This headline is certainly not news, but within a span of five minutes, I received two separate “scam warnings”.
The first, while written with a tongue firmly planted in the author’s cheek, noted that an email scammer sent a “warning” to my friend that her email address was about to expire. By clicking on a link and paying a fee, the recipient could retain the email address. The irony is that this email was sent to a friend who is a consumer fraud specialist with the North Carolina Attorney General’s Office and whose email address ends with ncdoj.gov. Not certain who is lower on the IQ scale, the scammer or their intended targets, but the sad reality is that the intended targets who fall prey to such schemes are often not deficient in terms of IQ, but either are unsophisticated or suffering from some form of a diminished capacity. As my father followed the path into dementia, we had to monitor his email because he was such a “helper” by nature, he began to accept obvious schemes as real cries for financial assistance. Therefore, make certain that your loved ones are protected as best you can from these online scammers.
The second preys on people already in a bad place – those who have recently filed a bankruptcy petition. Telephone scammers in this case are calling individuals who have recently filed with the bankruptcy court. They are obtaining personal information which is required on bankruptcy petitions and posing as attorneys scaring the victim into believing it is necessary to immediately wire money in order to resolve a debt as part of the bankruptcy process. As with most of these fear-based phone scams related to potential legal actions, common sense should prevail. The legal system rarely moves at rocket speed and if someone is requiring “immediate” payment to prevent an action being taken against you (and in this case, immediate and non-reversible – money order, wire transfer) then yellow and red flags should fly.

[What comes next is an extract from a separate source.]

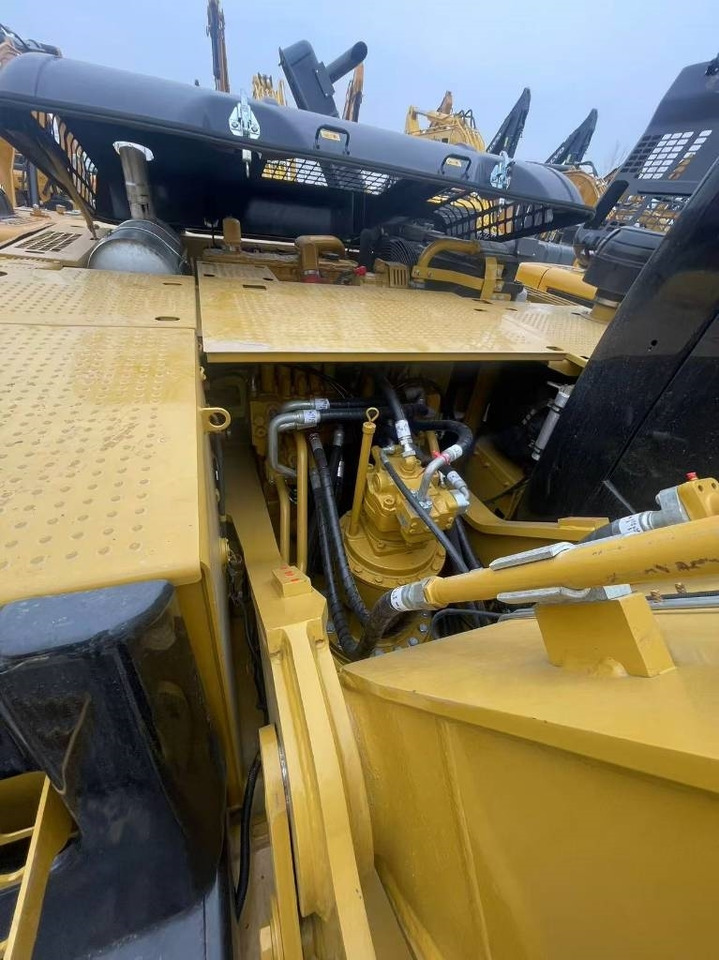 CAT 329D2L - מחפר סורק: תמונה 2 CAT 329D2L - מחפר סורק: תמונה 2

Most folks who file bankruptcy do not fully understand the process and are fearful of making a misstep, so this type of scam preys on those fears. The test for all scams is the same. If someone initiates a call or email to you and asks for personal information, it is almost assuredly a scam. If they ask for immediate cash-equivalent funds to be sent by you, it is almost assuredly a scam. If you are unsure, you can test many of these out with a simple Google search of the phone number or email address. Or, you can contact the Attorney General’s Consumer Protection Division and make an inquiry. Just don’t send any money unless you are absolutely certain why you are sending it, who is receiving it and that the purpose is legitimate. If you are sending $5,000.00 so they can send you a million dollars, it is a scam.